Laporan tersebut, yang dikeluarkan oleh United States Trade Representative (USTR), menganalisis hambatan perdagangan di 59 negara mitra dagang AS, termasuk Indonesia. USTR secara khusus menyoroti beberapa isu krusial:
-
Penilaian Bea Masuk: Perusahaan-perusahaan AS mengeluhkan bahwa pejabat Bea Cukai Indonesia kerap menggunakan jadwal harga referensi, bukan nilai transaksi, sebagai metode utama penilaian bea masuk. Padahal, Perjanjian Penilaian Bea Cukai (CVA) World Trade Organization (WTO) mensyaratkan nilai transaksi sebagai metode utama.
-
Ketidakseragaman Penilaian: Eksportir AS melaporkan adanya perbedaan nilai bea masuk yang signifikan antar wilayah, bahkan untuk produk yang identik.
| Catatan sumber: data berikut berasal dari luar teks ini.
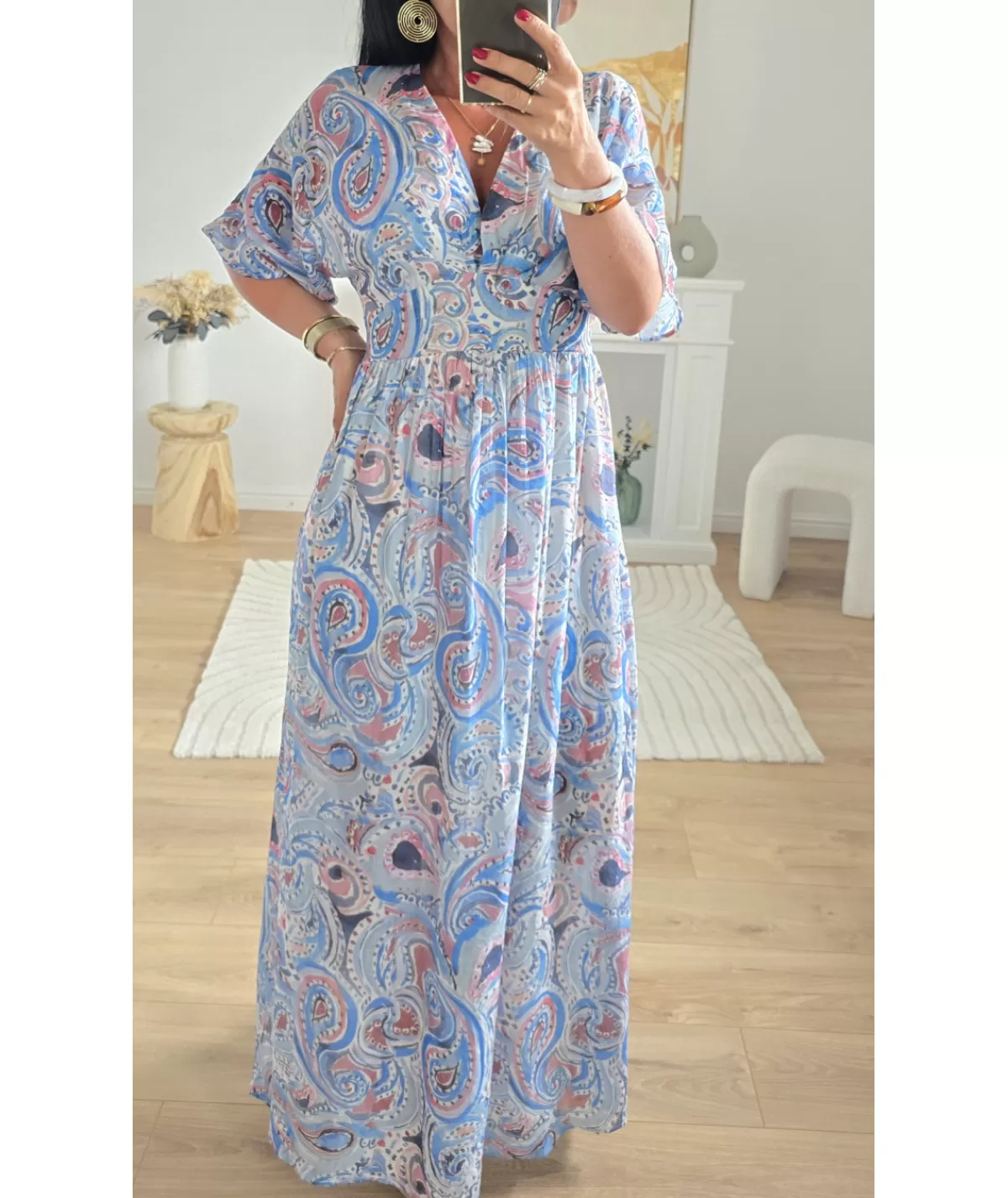 La boutique de Lilie Robes>ROBE PRESCILIA Bleu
Hal ini menciptakan ketidakpastian dan mempersulit perencanaan bisnis.
-
Verifikasi Pra-Pengiriman: Peraturan Menteri Perdagangan Nomor 16 Tahun 2021 tentang Verifikasi atau Penelusuran Teknis di Bidang Perdagangan Luar Negeri mewajibkan verifikasi pra-pengiriman oleh surveyor untuk berbagai produk seperti elektronik, tekstil, alas kaki, mainan, makanan, minuman, dan kosmetik. AS menyoroti bahwa Indonesia belum memberitahukan aturan ini kepada WTO sesuai dengan Perjanjian WTO tentang Pemeriksaan Pra-pengiriman hingga 31 Desember 2024.
-
Barang Tidak Berwujud: Peraturan Menteri Keuangan Nomor 190 Tahun 2022 menetapkan operasi kepabeanan untuk barang tidak berwujud seperti transmisi atau unduhan elektronik, termasuk persyaratan prosedural dan klasifikasi berdasarkan Bab 99 daftar tarif kepabeanan Indonesia. USTR menyebut peraturan ini menciptakan beban administratif yang signifikan pada industri AS dengan memberlakukan persyaratan penyimpanan dokumen baru yang tidak terdefinisi dan tidak pasti.
Insentif Petugas Bea Cukai: Potensi Korupsi dan Biaya Tambahan
Salah satu poin yang paling disoroti oleh USTR adalah sistem insentif atau 'bonus' bagi petugas bea cukai Indonesia, yang dapat mencapai hingga 50% dari nilai barang yang disita atau dari jumlah bea yang terutang. AS menekankan bahwa Indonesia adalah salah satu dari sedikit mitra dagang utama AS yang masih menerapkan sistem insentif semacam itu. Menurut Perjanjian Fasilitasi Perdagangan WTO, Indonesia seharusnya menghindari pemberian insentif serupa.
USTR menilai sistem ini berpotensi menimbulkan praktik korupsi, meningkatkan biaya administrasi, menciptakan ketidakpastian, dan mengurangi transparansi. AS telah menyampaikan kekhawatirannya mengenai hal ini kepada Komite Fasilitasi Perdagangan WTO sejak Juni 2023.
Kritik dari Amerika Serikat ini menggarisbawahi perlunya reformasi mendalam dalam sistem kepabeanan Indonesia. Transparansi, efisiensi, dan kepastian hukum adalah kunci untuk meningkatkan daya saing Indonesia di pasar global dan menarik investasi asing.